Tarafların karşılıklı iddia ve savunmaları, tanık beyanları, ATK kusur raporu, aktüerya bilirkişi raporu, ek raporu ve toplanıp değerlendirilen delillere göre; Davacının dini nikahlı eşi … …’in 18/08/2016 tarihinde meydana gelen kazada vefat ettiği, kazada sigortalı araç sürücüsü … …’ın %85 oranında kusurlu olduğu, mahkememizce dinlenen tanık anlatımları ve nüfus kayıtlarının incelenmesinde davacının müteveffa … …’in ölümü ile desteğinden yoksun kalan dini nikahlı eşi olduğu, davalı tarafça ödeme iddiasında bulunulmuş ise de, davalı sigorta şirketinden celp edilen hasar dosyasında tazminat hesabının diğer desteklenen resmi nikahlı eşe ilişkin olduğu, davacıya yapılan ödemeye ilişkin bir kayıt sunulmadığı, düzenlenen aktüerya bilirkişi raporu ile müteveffanın resmi nikahlı eşinin de hayatta olduğu dikkate alınarak davacının TRH 2010 Yaşam Tablosuna Göre payına düşen, Sigortalı araç sürücüsünün %85 kusuruna denk gelen ve davalı sigorta şirketinin sorumlu olduğu tazminat tutarının 54.502.87-TL olarak tespit edildiği anlaşılmıştır.
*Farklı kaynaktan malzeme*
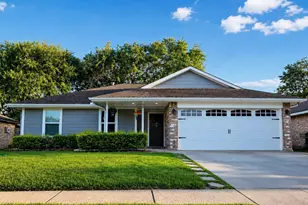 5625 Sugar Creek Dr, La Porte, TX 77571 - Photo 1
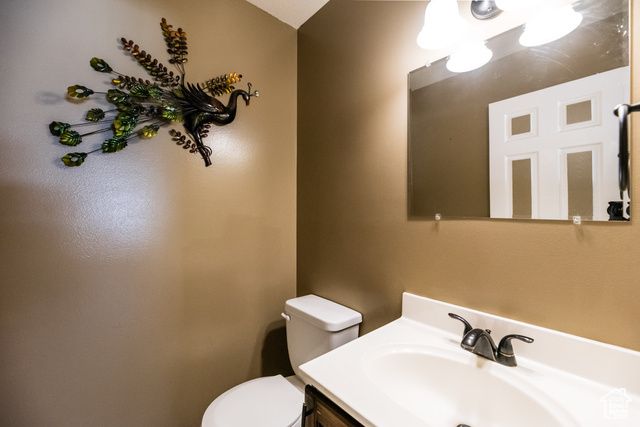 355 N 1100 E, Hyde Park, UT 84318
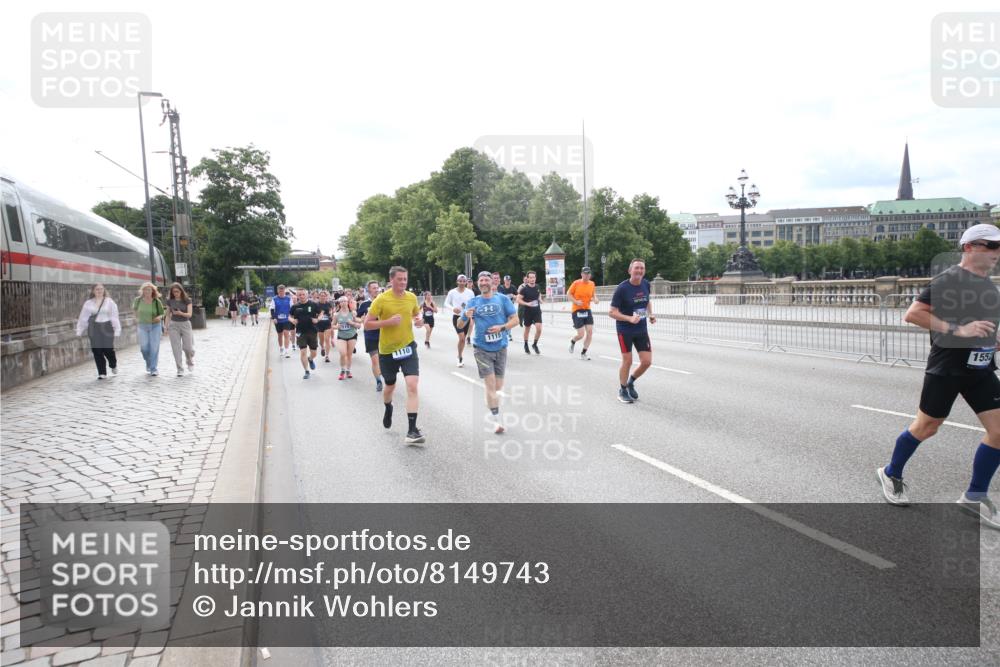 29.06.2025 - hella hamburg halbmarathon Jannik Wohlers http://msf.ph/oto/8149743 29.06.2025 10:19:38 Lombardsbrücke 1110, 1115, 1154, 2064, 3278, 4539, 4585, 4737, 4739, 5397, 5556, 5659, 6874, 7137, 7519, 7808, 8387, 8738, 9196, 10550, 10622, 10701, 11028, 11036, 13002, 13192, 13634, 13910, 14024, 14425, 14428, 15529, 15572, 15619, 15948, 16016, 16164, 16240, 16322, 16480, 16611, 16714, 16991, 17076, 17123, 17208, 17454, 17456, 17853, 17913, 18114, 18322, 18368, 18648, 18685 meine-sportfotos.de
Somut uyuşmazlıkta, davacının destekleyeninin traktör römorkunda yolcu olarak bulunduğu sırada meydana gelen kazada öldüğü, müteveffanın ve müteveffaya ait kerestelerin taşındığı esnada kazanın meydana geldiği, taşımanın davacının destekleyeninin menfaatine uygun biçimde yapıldığı ve araç sürücüsünün taşımada bir menfaatinin bulunmadığı anlaşılmış olup, tazminattan hatır taşıması nedeniyle tespit olunan tazminat üzerinden %20 hatır taşıması indirim yapılarak hüküm kurulmuştur.
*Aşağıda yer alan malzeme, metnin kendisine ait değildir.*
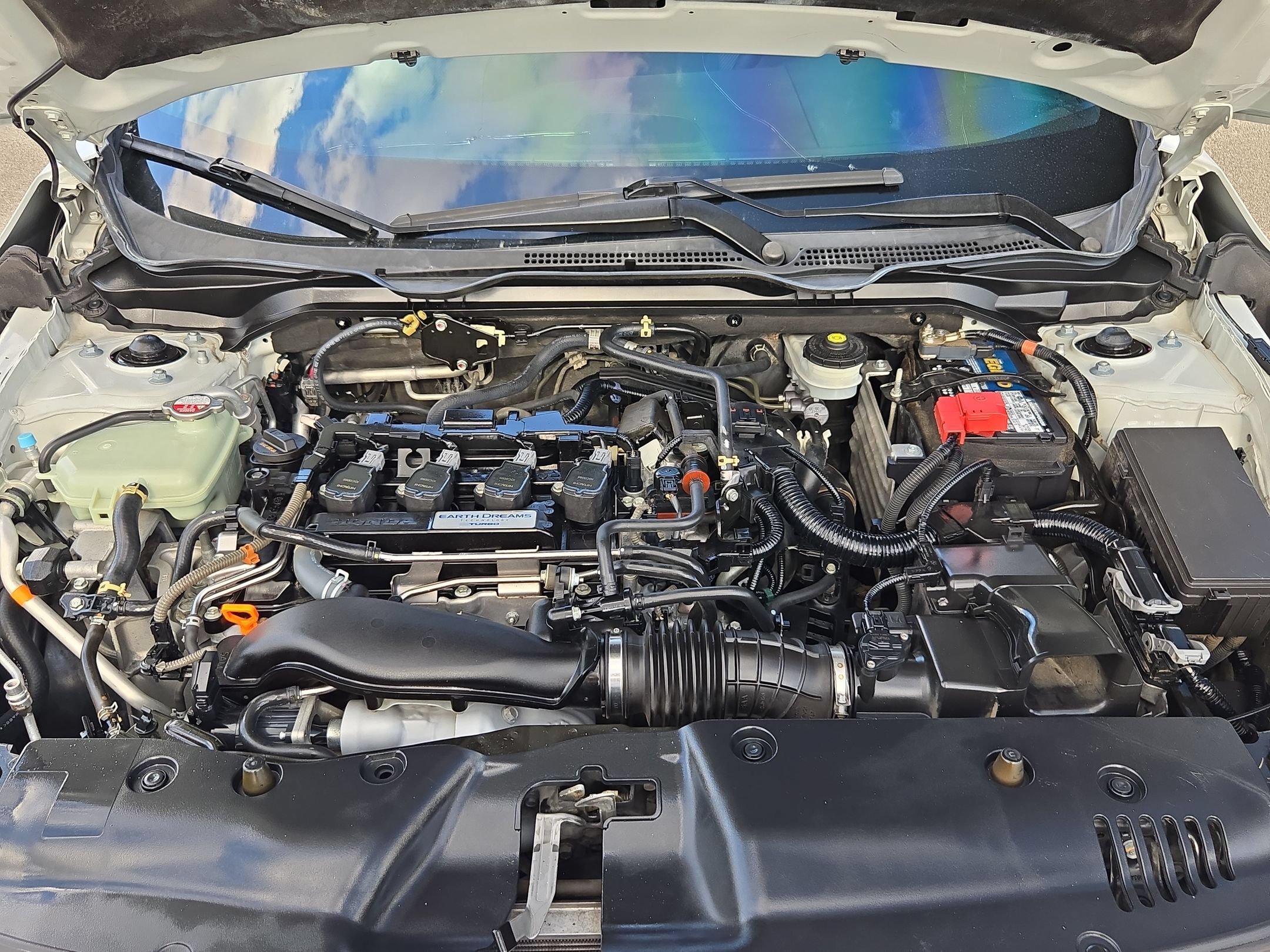 Used 2018 White Honda  image 31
Açıklanan nedenlerle, davanın kısmen kabulü ile davacı … … için 43.602,30-TL destekten yoksun kalma tazminatının 13/05/2019 tarihinden itibaren işleyecek yasal faizi ile birlikte davalıdan alınarak davacıya ödenmesine dair oluşan vicdani kanıya göre aşağıdaki şekilde karar verilmiş, hatır taşımasından kaynaklı takdiri indirim nedeniyle reddedilen kısım yönüyle davalı yararına yargılama gideri ve vekalet ücretine hükmedilmemiştir.
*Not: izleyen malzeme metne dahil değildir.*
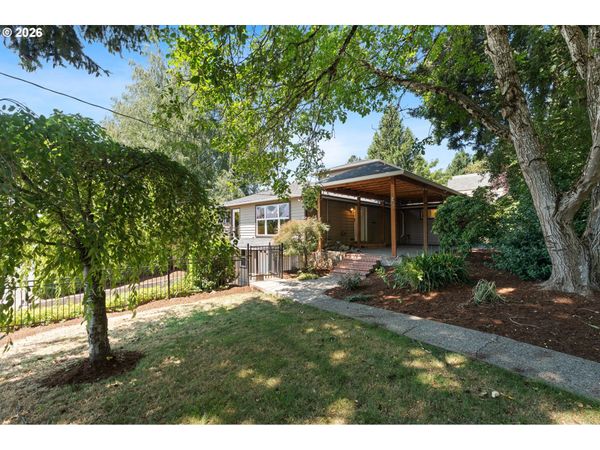 3805 SE LAKE RD, Milwaukie, OR 97222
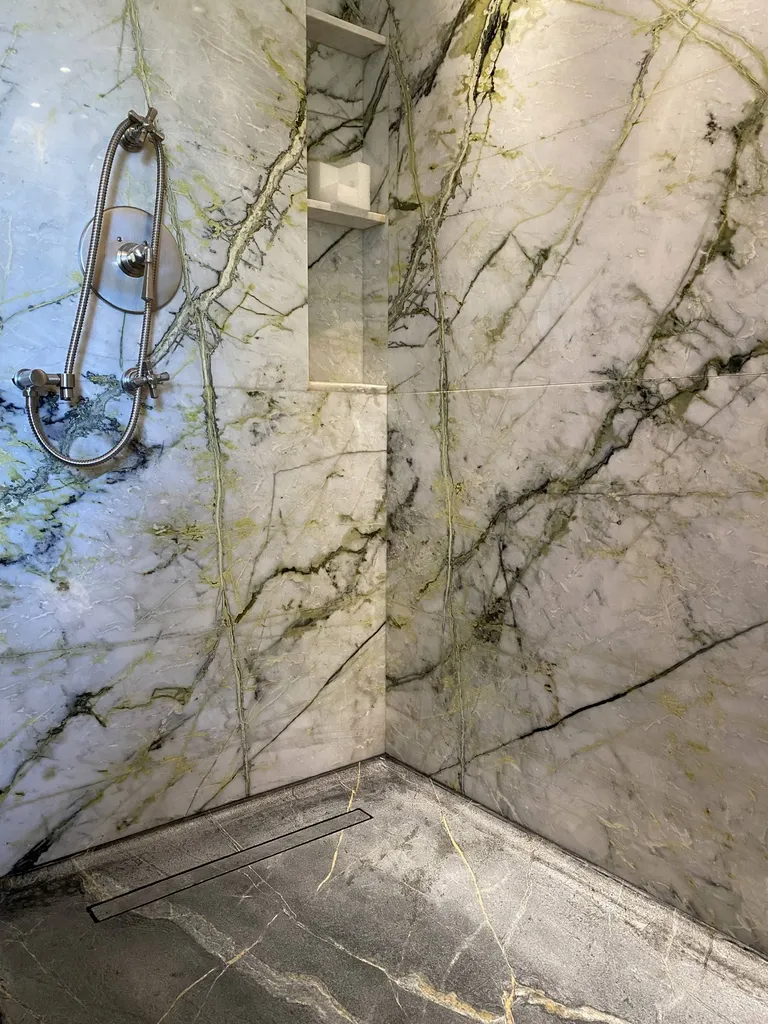 Bac à douche en Marbre Pietra Ollare à Aix en Provence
KARAR : Gerekçesi yukarıda açıklandığı üzere;
1-Davanın KISMEN KABULÜ ile, davacı … … için 43.602,30-TL destekten yoksun kalma tazminatının 13/05/2019 tarihinden itibaren işleyecek yasal faizi ile birlikte davalıdan alınarak davacıya ödenmesine,
2-Karar tarihinde yürürlükte bulunan harçlar tarifesi gereğince hükmolunan kısım üzerinden hesaplanan 2.978,47-TL nispi karar harcından peşin yatırılan 186,16-TL harcın mahsubu ile bakiye kalan 2.792,31-TL harcın davalıdan tahsili ile hazineye gelir kaydedilmesine,
3-Tarafların zorunlu arabuluculuk sürecinde anlaşamamaları nedeniyle 6325 Sayılı Kanunun 18/A-13 maddesi uyarınca zorunlu arabuluculuk gideri olan 1.320,00-TL’nin davalıdan tahsil edilerek hazineye gelir kaydedilmesine,
4-Davacı tarafından yatırılan 186,16-TL peşin harç, 44,40-TL başvuru harcı, 186,90-TL posta masrafı, 800,00-TL bilirkişi ücreti, 300,00-TL ATK masrafı olmak üzere toplam 1.517,46-TL yargılama giderinin davalıdan tahsili ile davacı tarafa verilmesine,
5-Davacı taraf yargılama sırasında kendisini bir vekil ile temsil ettirdiğinden karar tarihinde yürürlükte bulunan AAÜT’ye göre hesaplanan 6.468,30-TL vekalet ücretinin davalıdan tahsili ile davacı tarafa verilmesine,
6-Taraflarca yatırılan gider avansının karar tebliğ işlemleri tamamlandıktan ve karar kesinleştikten sonra kullanılmayan kısmının yatıran ilgili tarafa resen iadesine,
Dair, davacı vekilinin yüzüne karşı davalı tarafın yokluğunda HMK’nın 345. maddesi gereğince gerekçeli kararın taraflara tebliğinden itibaren iki hafta içerisinde … Bölge Adliye Mahkemesi nezdinde istinaf kanun yolu açık olmak üzere verilen karar açıkca okunup usulen anlatıldı.10/11/2021

Katip …
e-imza *

Hakim …
e-imza *

* Bu evrak 5070 Sayılı Elektronik İmza Kanunu hükümlerine uygun olarak elektronik imza ile imzalanmıştır.